◆ WORK ORDER ◆
Pictures excluded, reproduce exactly the lines below from the one with "2.55 Carat · F · VS1 Rare Carat Ideal Cut" through the one with "Koelkast inbouw 103 cm", both included.

◆ MATERIAL TO PROCESS ◆

-=-=-

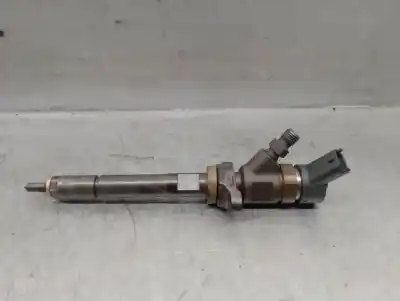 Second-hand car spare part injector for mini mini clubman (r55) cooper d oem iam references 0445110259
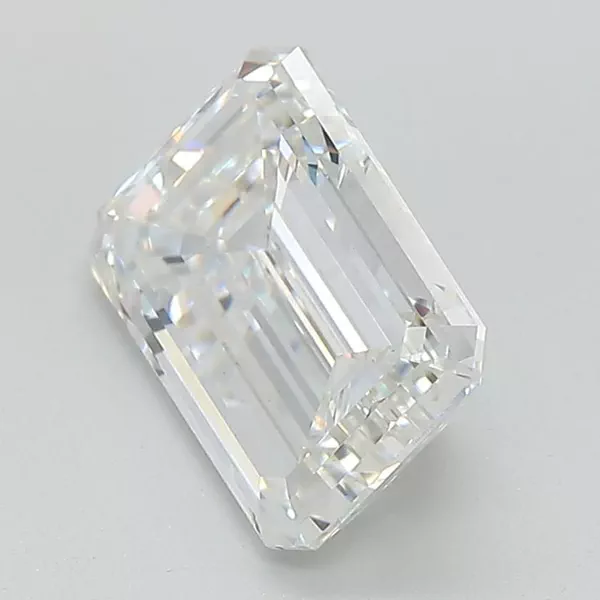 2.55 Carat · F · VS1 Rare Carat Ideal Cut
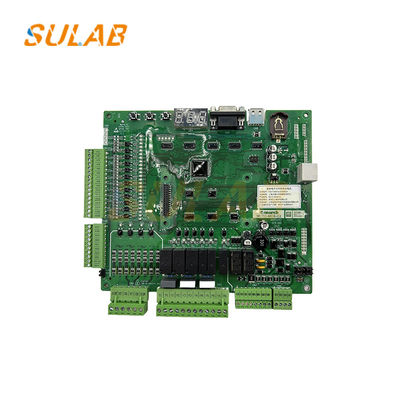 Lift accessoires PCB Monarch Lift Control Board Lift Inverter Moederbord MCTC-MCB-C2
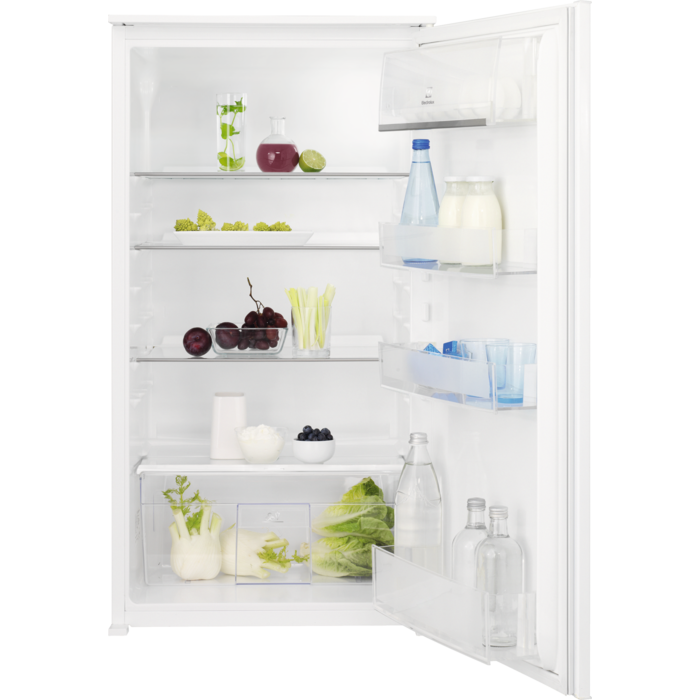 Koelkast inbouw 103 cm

-=-=-

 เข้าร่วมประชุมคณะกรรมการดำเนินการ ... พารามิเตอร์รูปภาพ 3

-=-=-

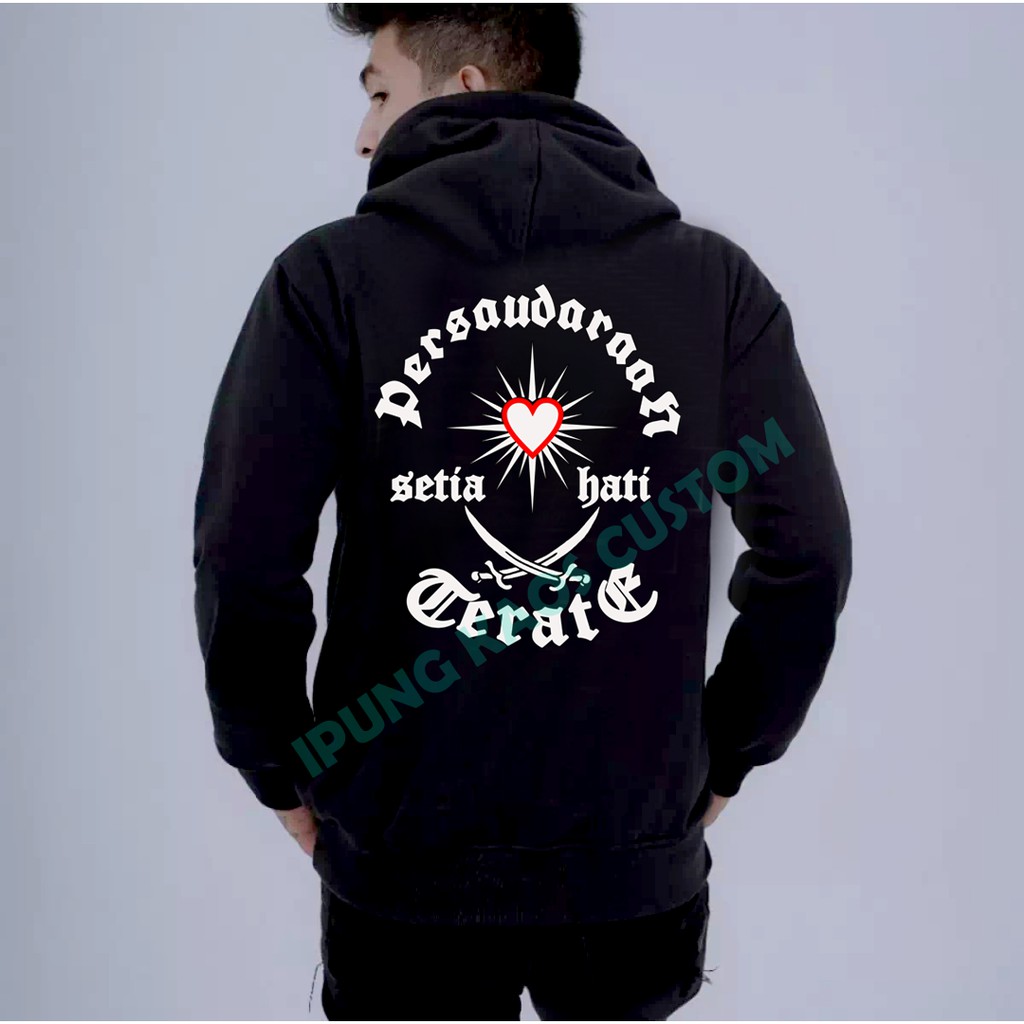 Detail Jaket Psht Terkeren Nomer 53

-=-=-

◆ TASK RESPONSE ◆
 2.55 Carat · F · VS1 Rare Carat Ideal Cut
 Lift accessoires PCB Monarch Lift Control Board Lift Inverter Moederbord MCTC-MCB-C2
 Koelkast inbouw 103 cm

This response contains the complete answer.